Les journées à rallonge semblent également être le lot quotidien de bon nombre d’apprentis. «Notre enquête montre que 55,5 % des apprenties et apprentis travaillent plus de 9 heures par jour, en violation de la législation suisse sur le travail, souligne Félicia Fasel, secrétaire de la jeunesse chez Unia. Le stress chronique et l'épuisement physique liés à ces longues heures de travail entraînent des troubles du sommeil, des problèmes cardiovasculaires et une diminution générale de la qualité de vie.» Et la syndicaliste de s’interroger: «Doit-on vraiment être formé dans la douleur? Bien souvent, les apprenties et apprentis souffrent en silence. Un silence dont nous, les adultes, et le système que nous entretenons, sommes en partie responsables.»
Contrôles trop rares
Pour ne rien arranger, les contrôles semblent rares. Selon 54,9 % des personnes interrogées, leur entreprise n'a jamais été contrôlée par l'Office de la formation professionnelle. Seuls 10 % des apprentis disent qu’il y a eu plusieurs contrôles, et 13,4 % affirment que cela n’est arrivé qu’une seule fois. Les 21,7 % restant ne savent pas si des contrôles ont déjà eu lieu dans leur entreprise. Pour Unia, ce manque de surveillance dans nombre d'entreprises formatrices permet la perpétuation des abus et des mauvaises pratiques.
Côté salaires, ça n’est pas le Pérou. Près de la moitié des apprentis (46,3 %) gagnent entre 500 et 999 francs par mois, tandis que 39,2 % touchent entre 1000 et 1499 francs. Seule une petite minorité (9,3 %) gagne plus de 1500 francs, et 5,1 % reçoivent moins de 500 francs par mois.

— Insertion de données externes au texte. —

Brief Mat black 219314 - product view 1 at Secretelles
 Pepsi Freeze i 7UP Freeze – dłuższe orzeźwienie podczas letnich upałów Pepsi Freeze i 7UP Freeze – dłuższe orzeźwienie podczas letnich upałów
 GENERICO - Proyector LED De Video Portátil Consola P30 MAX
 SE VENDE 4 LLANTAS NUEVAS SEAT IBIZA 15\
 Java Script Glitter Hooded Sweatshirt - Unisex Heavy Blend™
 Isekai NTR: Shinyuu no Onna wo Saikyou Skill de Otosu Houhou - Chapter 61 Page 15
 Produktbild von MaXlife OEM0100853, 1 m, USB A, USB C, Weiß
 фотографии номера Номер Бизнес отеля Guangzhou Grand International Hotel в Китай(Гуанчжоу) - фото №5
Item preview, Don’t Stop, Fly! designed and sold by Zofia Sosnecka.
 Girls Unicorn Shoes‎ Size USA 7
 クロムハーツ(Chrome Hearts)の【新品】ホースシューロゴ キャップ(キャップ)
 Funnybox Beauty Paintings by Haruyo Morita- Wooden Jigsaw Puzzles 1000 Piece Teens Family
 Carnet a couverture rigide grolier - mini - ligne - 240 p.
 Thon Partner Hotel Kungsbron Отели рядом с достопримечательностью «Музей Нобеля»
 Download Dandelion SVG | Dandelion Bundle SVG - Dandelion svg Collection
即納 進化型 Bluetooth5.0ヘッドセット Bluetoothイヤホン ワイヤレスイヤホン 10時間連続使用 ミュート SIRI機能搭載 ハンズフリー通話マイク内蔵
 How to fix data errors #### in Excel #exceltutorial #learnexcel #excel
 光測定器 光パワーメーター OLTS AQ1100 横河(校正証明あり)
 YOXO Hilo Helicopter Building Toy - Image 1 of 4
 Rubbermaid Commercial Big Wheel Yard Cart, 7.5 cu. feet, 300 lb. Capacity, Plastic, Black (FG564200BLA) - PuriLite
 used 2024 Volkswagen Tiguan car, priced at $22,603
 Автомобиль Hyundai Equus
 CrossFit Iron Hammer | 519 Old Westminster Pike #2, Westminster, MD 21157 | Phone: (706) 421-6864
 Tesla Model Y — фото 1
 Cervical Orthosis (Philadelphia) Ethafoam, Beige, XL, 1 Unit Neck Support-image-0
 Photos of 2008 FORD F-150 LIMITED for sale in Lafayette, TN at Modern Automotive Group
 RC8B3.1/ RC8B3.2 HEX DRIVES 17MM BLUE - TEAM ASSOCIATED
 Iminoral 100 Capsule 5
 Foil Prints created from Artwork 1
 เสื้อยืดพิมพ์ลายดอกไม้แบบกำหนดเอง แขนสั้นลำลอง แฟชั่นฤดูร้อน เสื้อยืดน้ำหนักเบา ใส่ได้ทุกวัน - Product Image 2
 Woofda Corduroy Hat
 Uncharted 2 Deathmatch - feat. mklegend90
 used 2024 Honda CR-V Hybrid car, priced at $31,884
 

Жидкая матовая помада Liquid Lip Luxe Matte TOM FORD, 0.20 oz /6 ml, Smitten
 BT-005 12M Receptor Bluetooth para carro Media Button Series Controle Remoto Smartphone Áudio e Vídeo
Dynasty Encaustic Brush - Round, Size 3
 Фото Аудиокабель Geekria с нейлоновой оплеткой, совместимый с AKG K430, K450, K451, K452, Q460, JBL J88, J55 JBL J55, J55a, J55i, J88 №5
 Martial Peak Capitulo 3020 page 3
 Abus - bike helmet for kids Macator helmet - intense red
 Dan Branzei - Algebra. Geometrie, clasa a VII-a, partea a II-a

En conclusion, Unia demande des mesures immédiates pour améliorer les conditions de formation et protéger la santé des jeunes professionnels. «Nous revendiquons le strict respect de la loi sur la formation professionnelle, des contrôles plus rigoureux des entreprises, des périodes de récupération adéquates pour les apprentis par la réduction de leurs temps de travail, que la voix des apprentis soit prise au sérieux et que leurs souffrances et difficultés ne soient plus mises de côté», énumère Félicia Fasel.
Unia lance également une campagne de sensibilisation sur les droits des apprentis, visant à leur fournir les ressources nécessaires pour se défendre efficacement. Le syndicat demande enfin leur intégration dans les conventions collectives de travail (CCT). «Trop souvent, ils et elles sont exclus sans discussion par les organisations patronales.»